Co-ordinanti erano il vescovo Zhan Silu della diocesi di Mindong, vice segretario generale della Conferenza episcopale cattolica cinese, direttore del Comitato per gli affari accademici cattolici della provincia del Fujian, il vescovo Cai Bingrui della diocesi di Xiamen, vice segretario generale dell'Associazione patriottica cattolica cinese, direttore del Comitato cattolico per gli affari educativi della provincia di Zhejiang, e il vescovo Jin Yangke della diocesi di Ningbo.
Padre Yang Yu, segretario generale della Conferenza episcopale cinese, ha letto la lettera di approvazione. Alla cerimonia di ordinazione hanno partecipato quasi 80 sacerdoti provenienti da varie diocesi del Paese, oltre a più di 360 suore e rappresentanti laici.

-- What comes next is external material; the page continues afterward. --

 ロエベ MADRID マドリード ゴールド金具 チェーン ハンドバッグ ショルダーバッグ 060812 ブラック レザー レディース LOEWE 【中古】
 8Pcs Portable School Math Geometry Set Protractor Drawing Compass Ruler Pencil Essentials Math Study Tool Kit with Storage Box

La biografia del nuovo vescovo diffusa dalla Santa Sede mette in luce che Wu Yishun è “stato ordinato sacerdote il 15 agosto 1992 per la Diocesi di Xiamen. Inviato in seguito a Minbei, vi ha svolto il proprio servizio pastorale ricoprendo, tra gli altri, l’incarico di Parroco di Nanping e di responsabile delle Prefetture Apostoliche di Shaowu e Jian’ou”.

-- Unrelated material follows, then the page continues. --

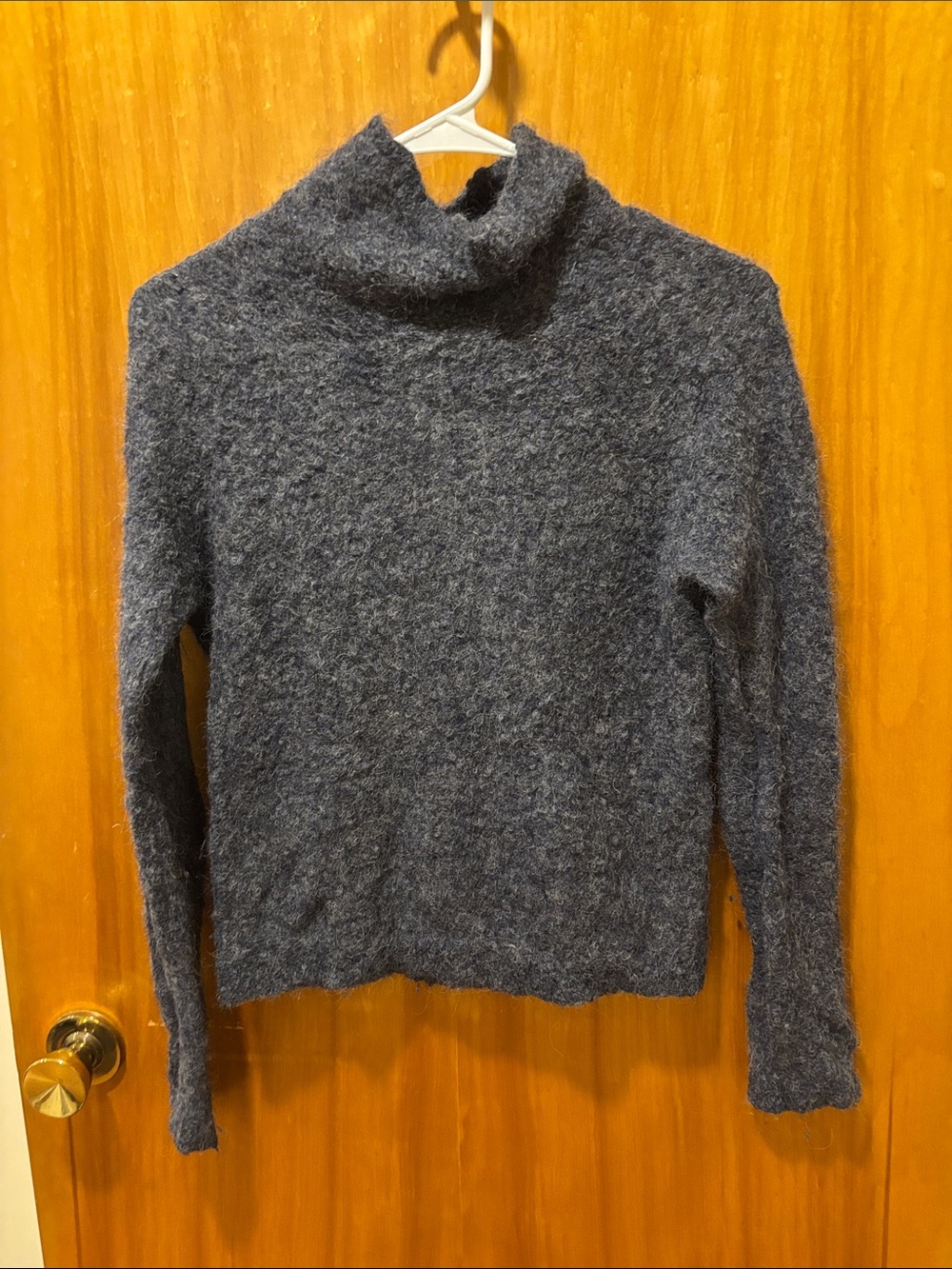 Poetry Alpaca Charcoal Gray Blue  Fuzzy Turtleneck Sweater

Più dettagliato il profilo di chinacatholic.cn, che sottolinea come monsignor Wu Yishun sia nato il 7 dicembre 1964 nella città di Ningde, provincia del Fujian, che dal settembre 1985 al luglio 1992 ha studiato teologia e filosofia presso il Seminario Sheshan di Shanghai, e soprattutto che dal 1999 è amministratore della diocesi del Fuijan settentrionale. Nomina, questa, evidentemente non approvata dalla Santa Sede. Secondo il sito ufficiale dei cattolici cinesi, è vescovo eletto della diocesi del Fujan settentrionale il 18 gennaio 2022, cosa che in pratica sottolinea una possibile nomina unilaterale cinese sulla base della distribuzione delle diocesi pensata dal governo e solo dopo approvata dal Vaticano.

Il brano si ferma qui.